Infine, durante la terapia è necessario tenere sotto controllo l’apporto di sale, in quanto, se troppo elevato, può annullare l’effetto antiproteinurico (riduzione dell’eliminazione di proteine nelle urine) degli ACE inibitori.
Studio sull'aggiunta di Sartani agli ACE Inibitori
Uno studio ha esaminato se l’aggiunta di un sartano, Candesartan, ad un ACE inibitore fosse in grado di ritardare la progressione della nefropatia nei pazienti con ipertensione e con nefropatia non-diabetica. Lo studio ha riguardato pazienti ipertesi con insufficienza renale cronica che presentavano un’escrezione urinaria di proteine superiore a 1g/die, nonostante il trattamento con ACE-inibitori.

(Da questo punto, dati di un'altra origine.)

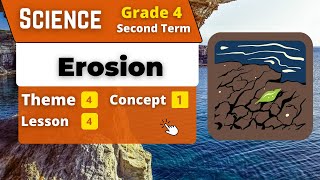 Erosion  Grade 4  Unit 4  Concept 1  Lesson 4  Science [upl. by Odnumyar112]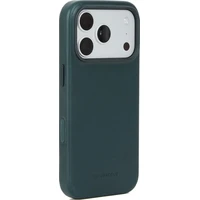 Troubadour Full Leather MagSafe kožený kryt iPhone 17 Pro/iPhone 18 Pro Obsidian Green - Pouzdra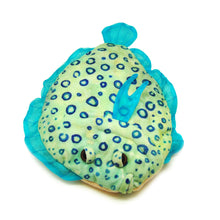 Load image into Gallery viewer, Calypso Conch: "Blink" Peacock Flounder Plush Toy with puppet pocket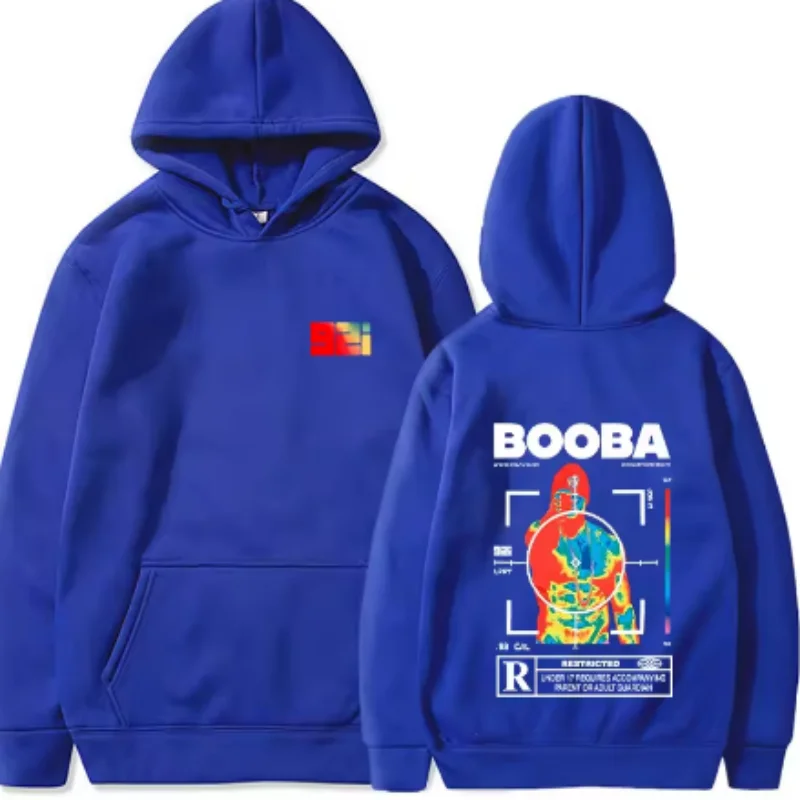 2025 التجارة الإلكترونية B2O للرجال والنساء نفس النمط موضة ملابس منقوشة بكم طويل هوديي للنساء الترفيه Hariku Style Street Tren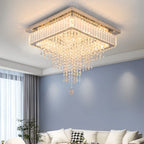 Luxury Rain Drop Crystal LED Pendant Light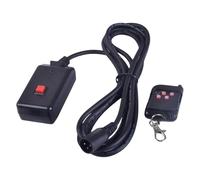MagiDeal Fog Machine Controller Indoor Outdoor Use Fog Machine Remote Control Receiver 4 Keys Remote for 400W 900W 1500W DJ Event Show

I pazienti sono stati assegnati in modo random a ricevere un ACE inibitore da solo ( gruppo controllo ) o un ACE inibitore associato a Candesartan ( 2-12mg/die ). Gli ACE-inibitori impiegati erano il Benazepril 2.5-10mg/die o il Trandolapril 4mg/die. La pressione sanguigna target era 130/80mmHg o valore inferiore, mentre l’outcome primario era rappresentato da cambiamenti nella creatinina plasmatica e dalla riduzione della proteinuria. La durata media del follow-up è stata di 3.1 anni.
- la proteinuria pre-trattamento era correlata alla funzione renale, mentre nel periodo di trattamento la riduzione della proteinuria era associata ad un miglioramento della funzione renale solo nel gruppo Candesartan.